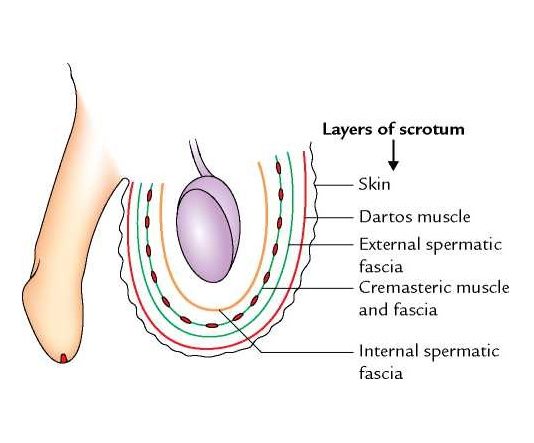Layers of the Scrotum (Anatomy)
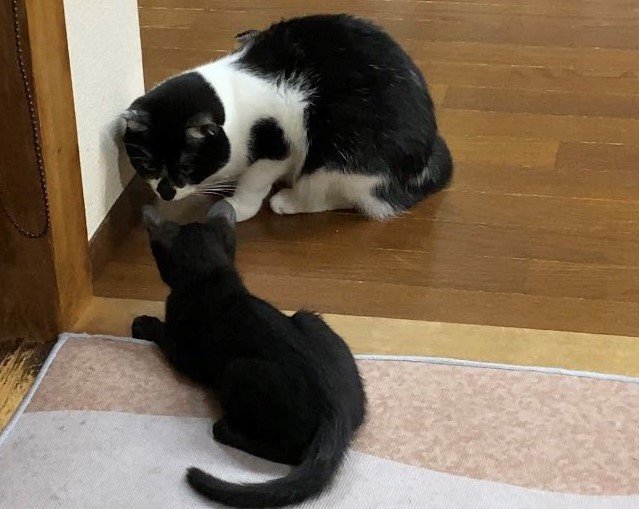 出所：@00shitemita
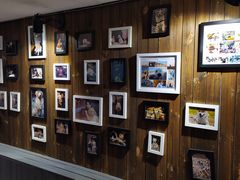 -百好乐宠物友好餐厅(朝外大街店)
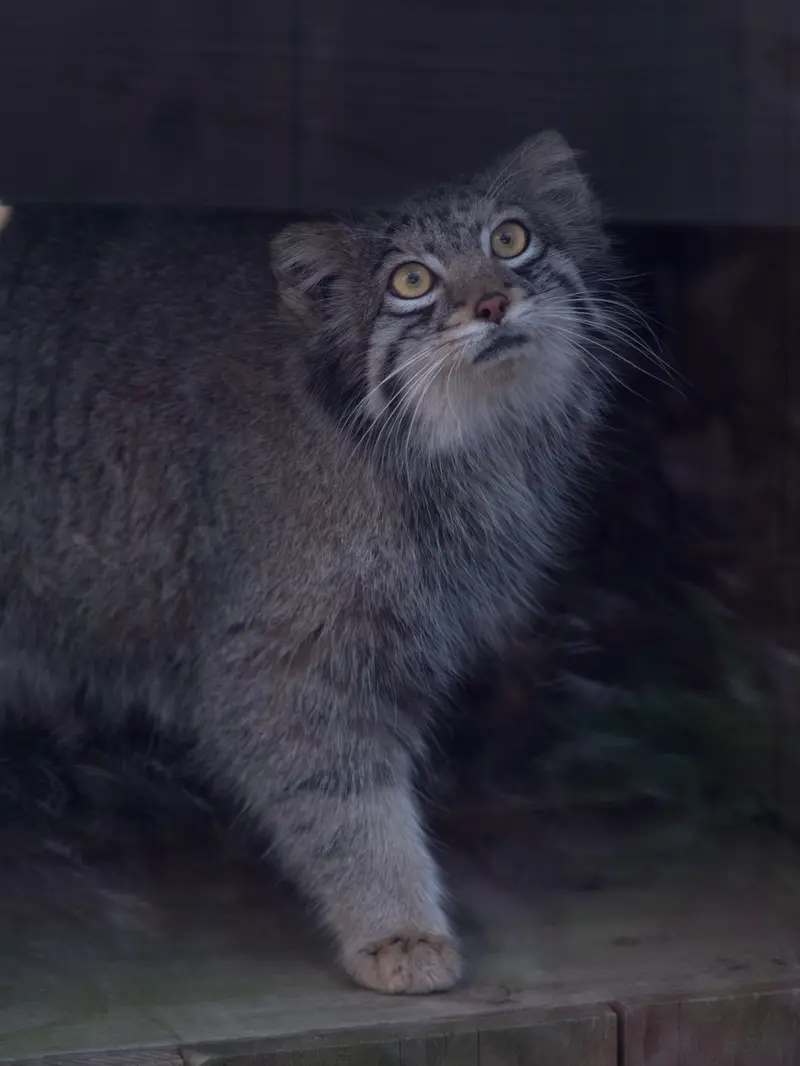 A photograph of Oto in Saitama Children's Zoo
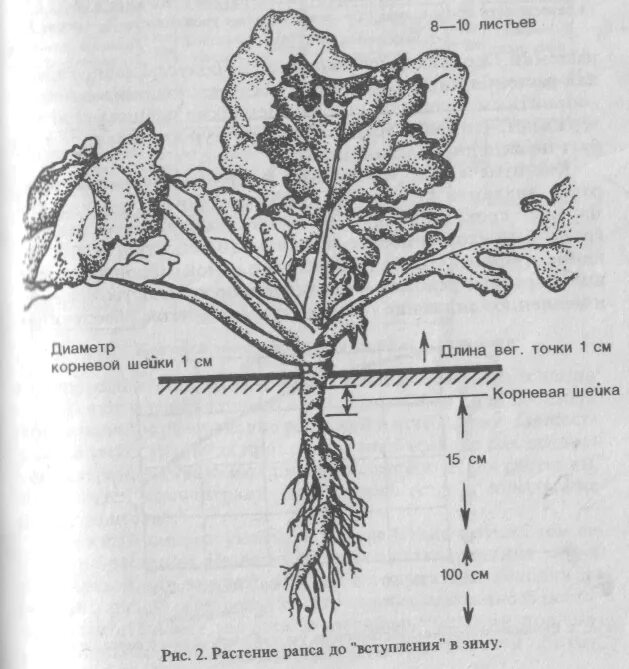 Корневой диаметр. Корневая шейка рапса. Строение корневой системы рапса. Рапс Яровой кольза. Строение рапса озимого.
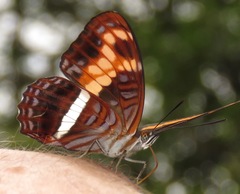 Adelpha sichaeus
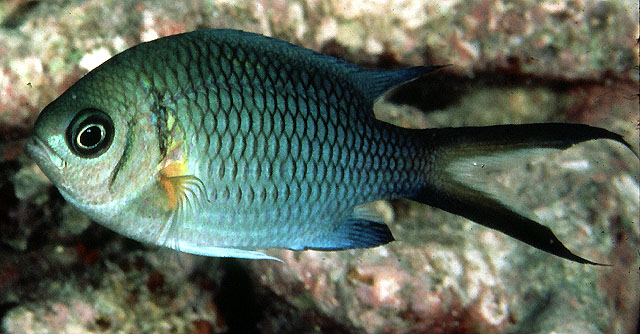 黄腋光鳃鱼(Chromis xanthochira)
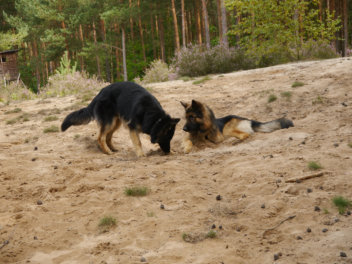 P1120849gozzy 16.08.2014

● **What you need to do**:
For each record above, write it out exactly and omit any picture.

● **Task solution**:
Layers of the Scrotum (Anatomy)
 出所：@00shitemita
 -百好乐宠物友好餐厅(朝外大街店)
 A photograph of Oto in Saitama Children's Zoo
 Корневой диаметр. Корневая шейка рапса. Строение корневой системы рапса. Рапс Яровой кольза. Строение рапса озимого.
 Adelpha sichaeus
 黄腋光鳃鱼(Chromis xanthochira)
 P1120849gozzy 16.08.2014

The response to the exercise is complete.